Critics and curators are reframing great artists, from Gentileschi to Soutine, to fit with modern ethical narratives. But this ignores the glorious ambivalence of their creations

O

ne rainy afternoon last winter, sitting under a blanket with a cup of tea, I found myself Googling paintings by Chaïm Soutine. It’s a pastime I’ve indulged ever since visiting an exhibition of his portraits of hotel staff on the French Riviera during the 1920s – paintings that combine such a mixture of tenderness and debasement that it’s as if his brush is kissing and beating his subjects at the same time.
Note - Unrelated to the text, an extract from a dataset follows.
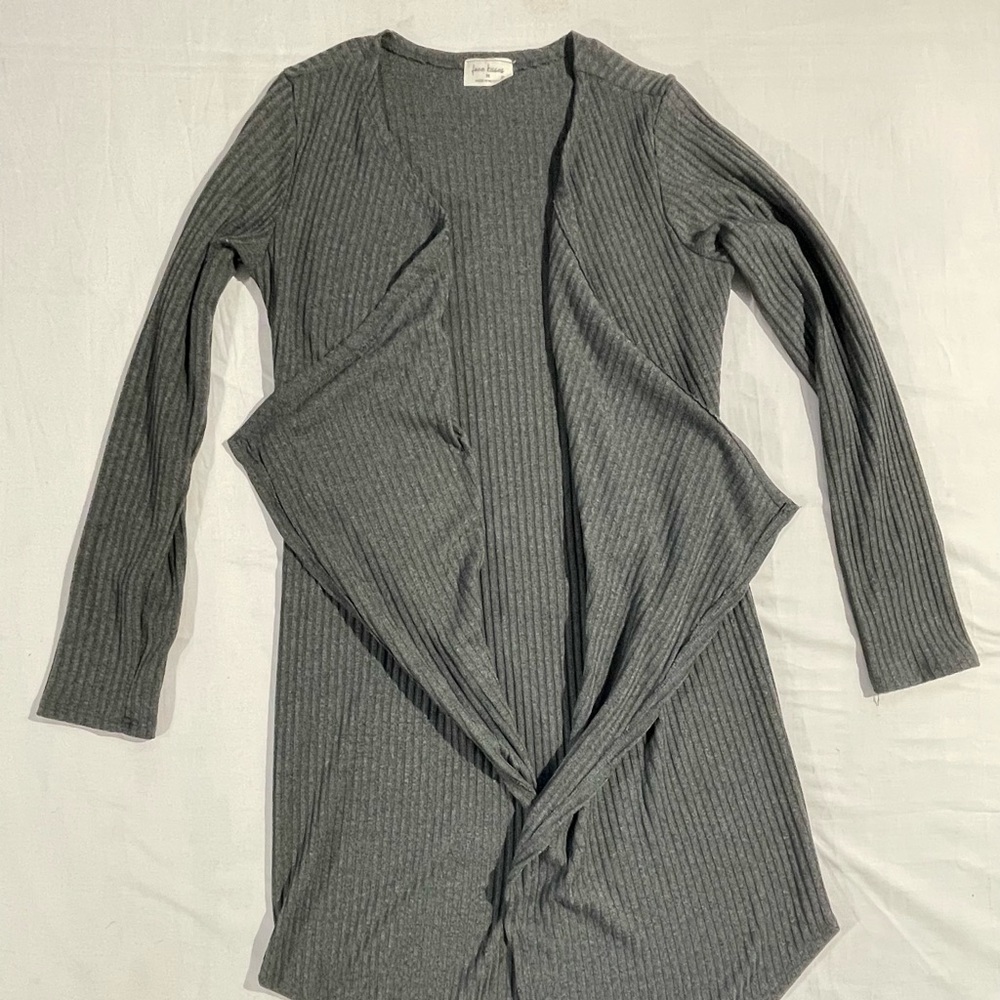 Tree kisses cardigan.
I flicked through images of hopelessly innocent cooks and bellboys, with complexions the colour of raw sausage and ears that look as if they have been brutally yanked. And as I did, I came across a review of the very show where I had first encountered Soutine’s works. Ah, I thought, looking forward to luxuriating in literature about his particular genius for kindly sadism.
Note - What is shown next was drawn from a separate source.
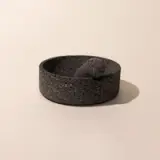 A stone molcajete, which is a traditional Mexican version of a mortar and pestle, on a neutral background.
Yet my plans to float away on Soutine’s twisted dreams came to an abrupt halt. For as I read, I realised that the tangled emotions and gnarly moral complexities that make his paintings so intoxicating had been erased from the picture. In their place was a sanitised vision of an artist with a “profoundly compassionate and humane eye” that “sympathetically drifted to the underclass”, who made paintings that celebrated “the richness of these otherwise forgotten lives”.